What is needed
Leave out the pictures and output exactly the lines below from the one with "#CustodiosDelMedioAmbiente https://t.co/cVbX8s7yrM" down to the one with "Arlington :Residential Roof", both of them included.

##### Material provided #####

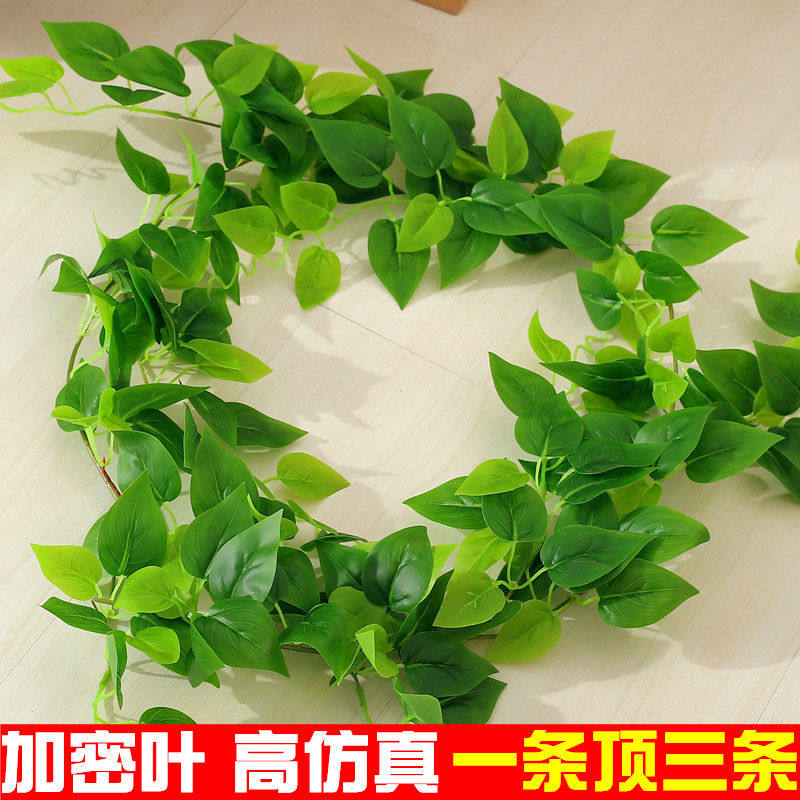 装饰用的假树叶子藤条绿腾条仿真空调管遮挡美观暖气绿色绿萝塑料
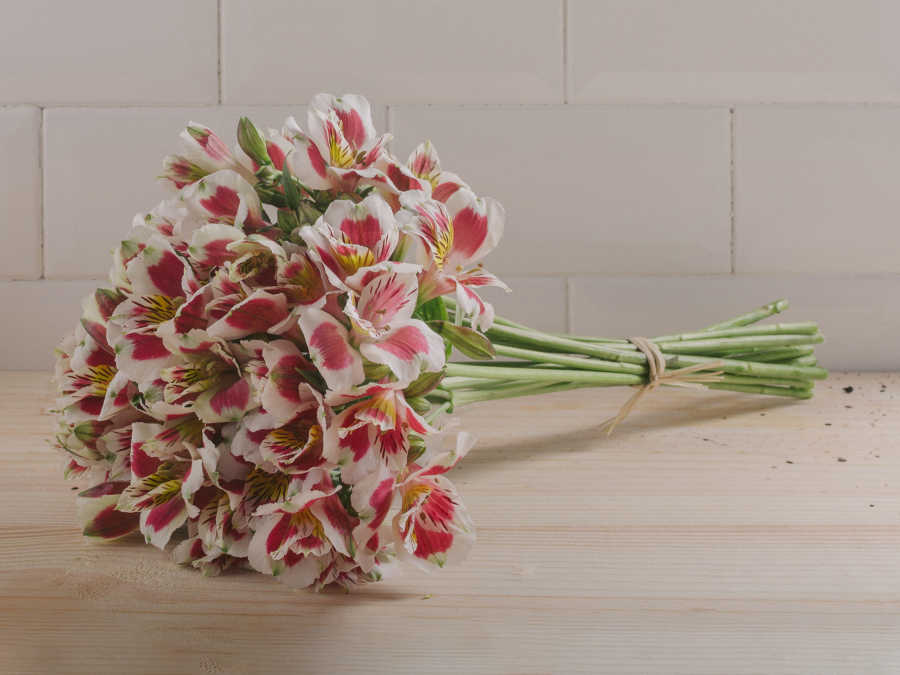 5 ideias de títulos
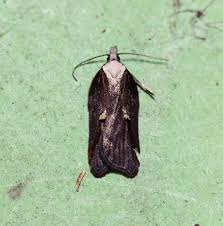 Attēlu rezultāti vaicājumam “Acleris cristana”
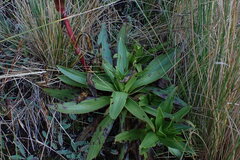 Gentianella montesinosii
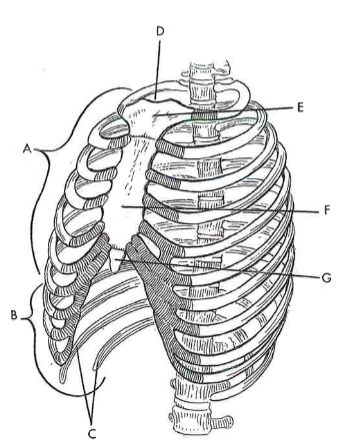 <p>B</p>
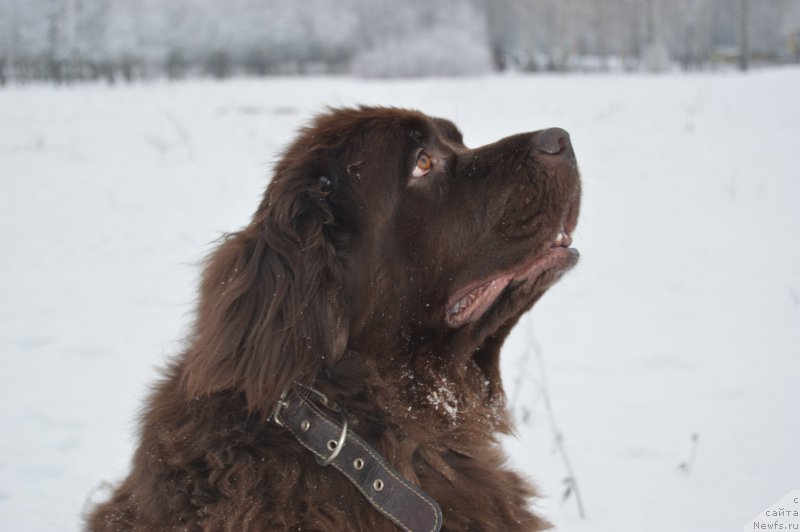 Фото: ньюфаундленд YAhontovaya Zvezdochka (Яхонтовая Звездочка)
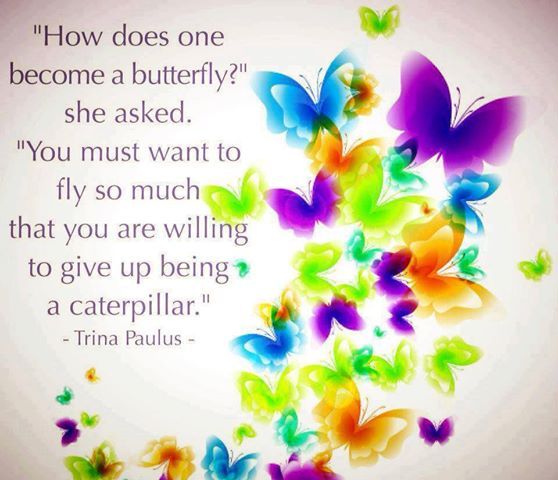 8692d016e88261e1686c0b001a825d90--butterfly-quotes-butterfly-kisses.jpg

#####
##### Material provided #####

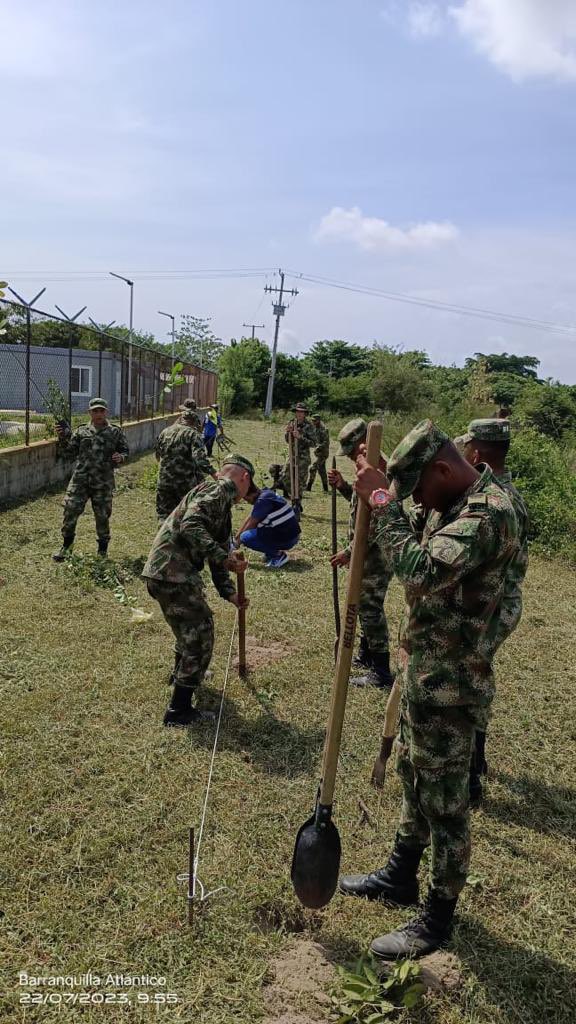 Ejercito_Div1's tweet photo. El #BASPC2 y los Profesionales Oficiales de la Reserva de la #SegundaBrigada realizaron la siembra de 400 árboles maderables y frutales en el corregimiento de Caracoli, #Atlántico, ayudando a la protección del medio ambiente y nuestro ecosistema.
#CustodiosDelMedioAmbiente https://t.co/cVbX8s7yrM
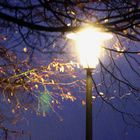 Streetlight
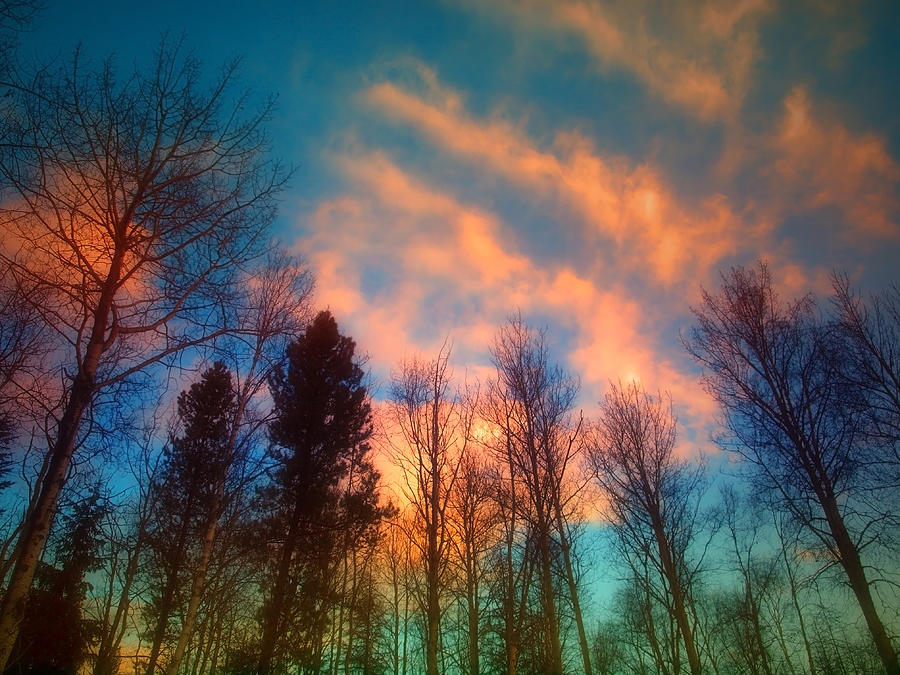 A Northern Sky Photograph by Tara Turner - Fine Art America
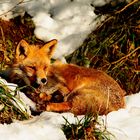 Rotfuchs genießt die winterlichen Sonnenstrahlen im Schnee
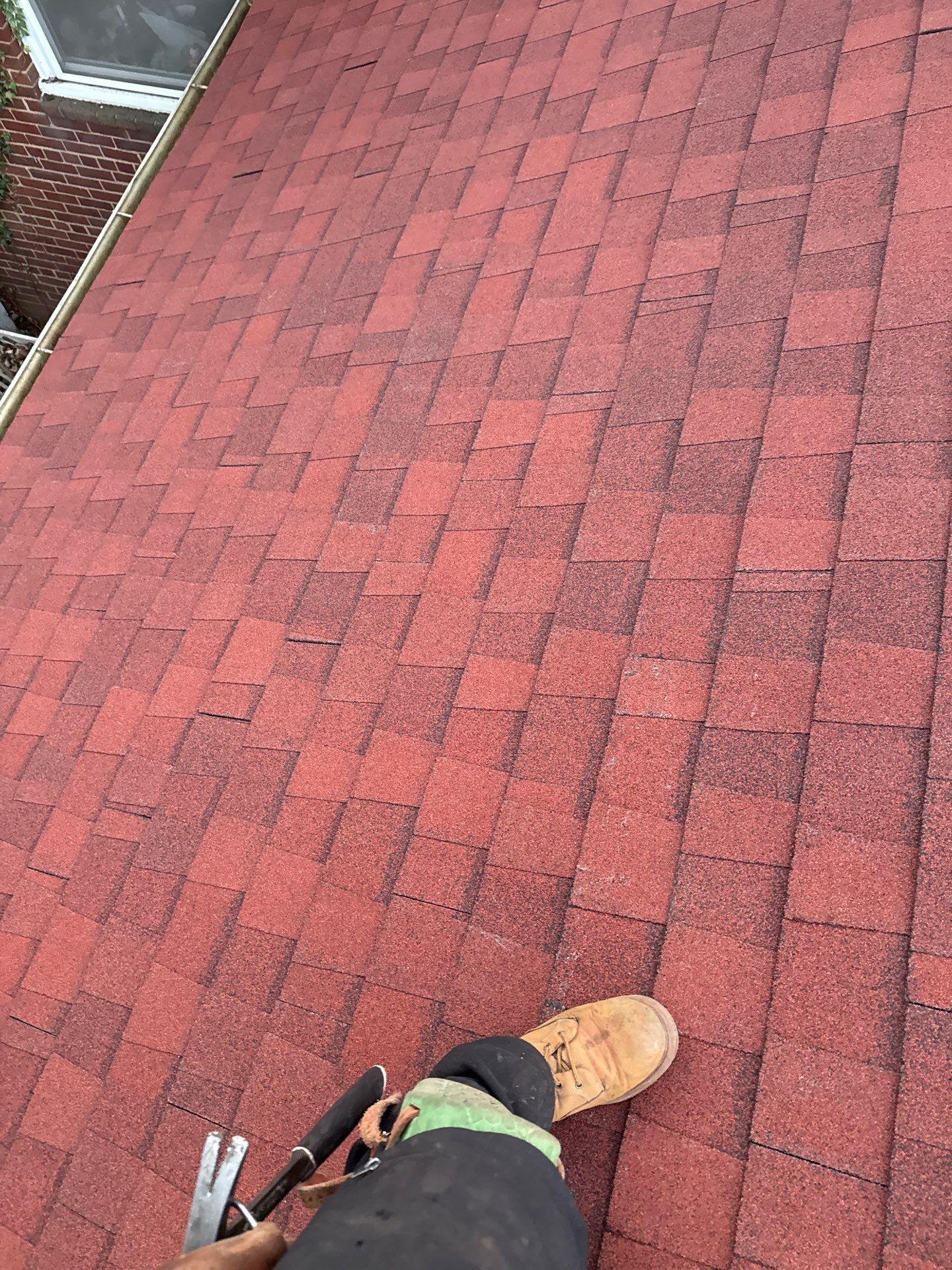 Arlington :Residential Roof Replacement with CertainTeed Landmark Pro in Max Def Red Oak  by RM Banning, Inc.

#####

Response box
#CustodiosDelMedioAmbiente https://t.co/cVbX8s7yrM
 Streetlight
 A Northern Sky Photograph by Tara Turner - Fine Art America
 Rotfuchs genießt die winterlichen Sonnenstrahlen im Schnee
 Arlington :Residential Roof Replacement with CertainTeed Landmark Pro in Max Def Red Oak  by RM Banning, Inc.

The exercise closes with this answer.